Sunday, 18 April 2010

Fit For Purpose

People often say when they see the children, "I bet they keep you fit..."

Oh, sure, I'm in reasonable nick: I'm used to lifting a 16kg weight, and carrying the same down the lane to school every day, but when I get tired, I put her down and she walks for herself. I also run up and down the stairs a fair bit, but I'd have to climb them forty times to match a 1,000' ascent - and there are no slippery rocks in my house, or scree.

During my July and October trips last year I spent the first three days feeling stiff and achy, and was only able to 'go for it' on the last few of days of each visit (two of which were written off by bad weather). This year, I had determined to get properly fit before I go.

Now that my ankle sprain is healing nicely... I'm stretching, swimming, doing step exercises and press-ups, etc., but my main technique is to carry an increasing collection of house bricks around with me... 8kg so far ...on the school-run, round Tescos, on strolls with the kids. My reckoning is that the best way to get fit for walking with a heavy pack is to walk with a heavy pack.

I've also joined a local walking group - previously anathema to me - which is now forcing me out onto my local hills (the South Downs) at least once a week. I take the bricks too - for the entertainment of my fellow walkers if nothing else.

How do you get/keep fit for the hills?

5 comments:

Martin Rye said...

Exercise bike in the garage and weights. Add in walking to work when I can and I can get fit for the hills no trouble. Saying that there is always more scope to train harder.

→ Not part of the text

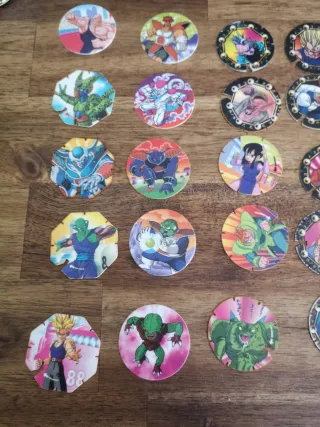 Tazos Dragon Ball Z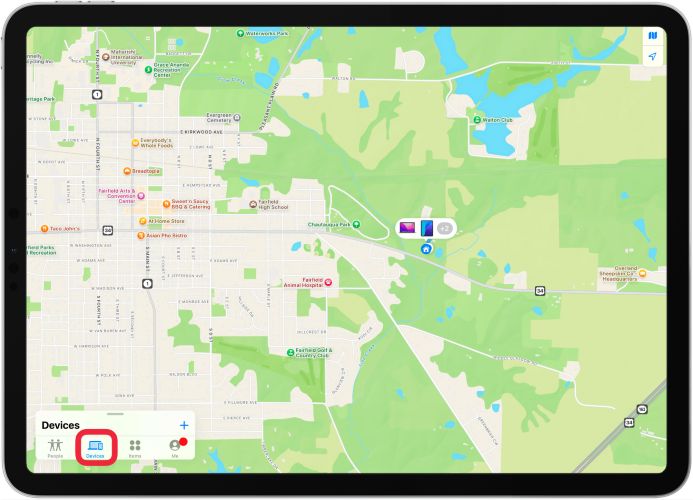 tap Devices | Unlock Disabled iPod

Life gets busy sometimes and I seem to be behind with my training plans.

Leigh Forbes said...

I found garage exercise too dull, but accept that it's much more efficient than any training walk that includes a visit to the pub...

Walk Dartmoor said...

I regularly accept that a 800m round trip to the pub is better than no exercise at all.

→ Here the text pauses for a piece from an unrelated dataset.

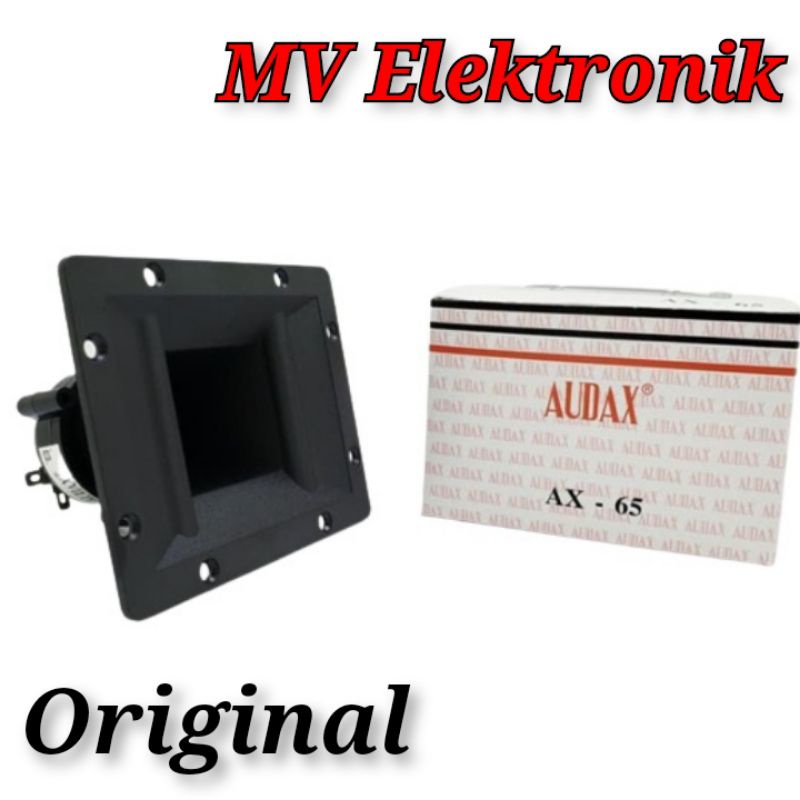 Tweeter audax hot sale 65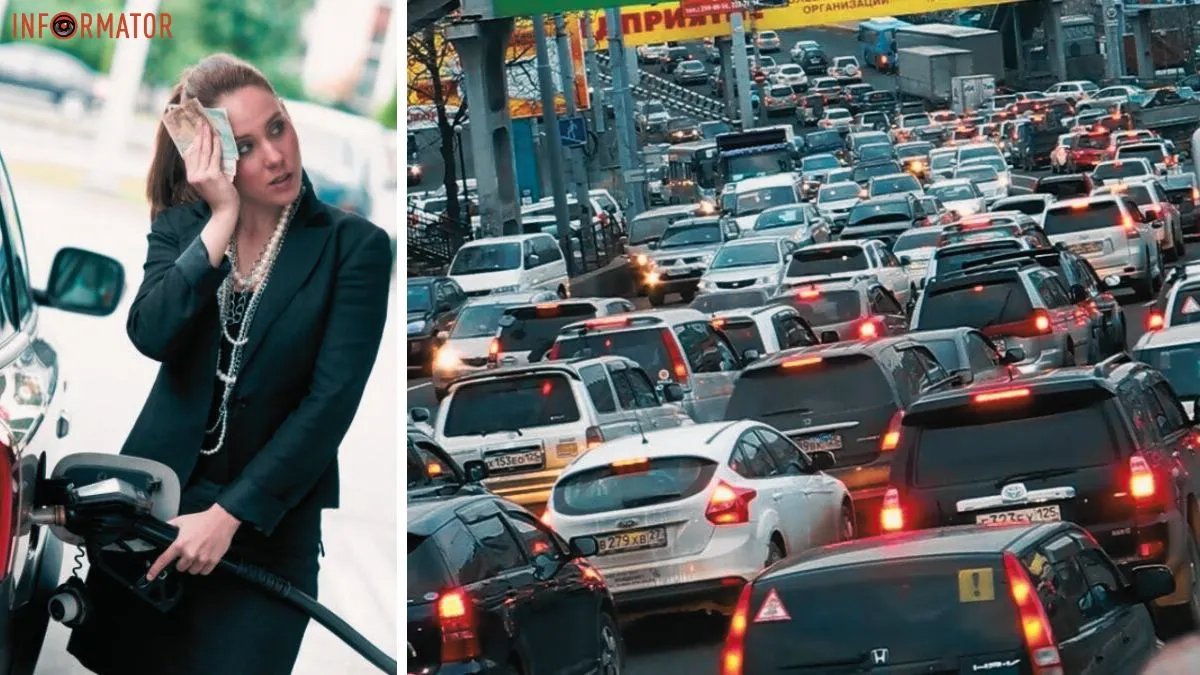 Как сэкономить бензин и дизтопливо в пробках: совет автоинструктора из Лондона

I can just imagine the look on some poor policeman's face if he stopped you (randomly of course, and asked what was in the bag!

Kath McGurl said...

Circuit class once a week, swimming once a week, run (5-8km) once a week. In theory!!

I hope that swimming builds up general fitness and helps keep me flexible, circuits builds muscle strength, and running helps with the cardio-vascular fitness plus a bit of strengthening muscles around my dodgy knees. I was definitely fitter in the Lakes this year than last.

Leigh Forbes said...

Shamus - the stop and search might or might not be random, depending on how long I've been in the pub!

Womag - I'm great at theoretical exercise too; but you set a much better example of the actual thing. I must try harder.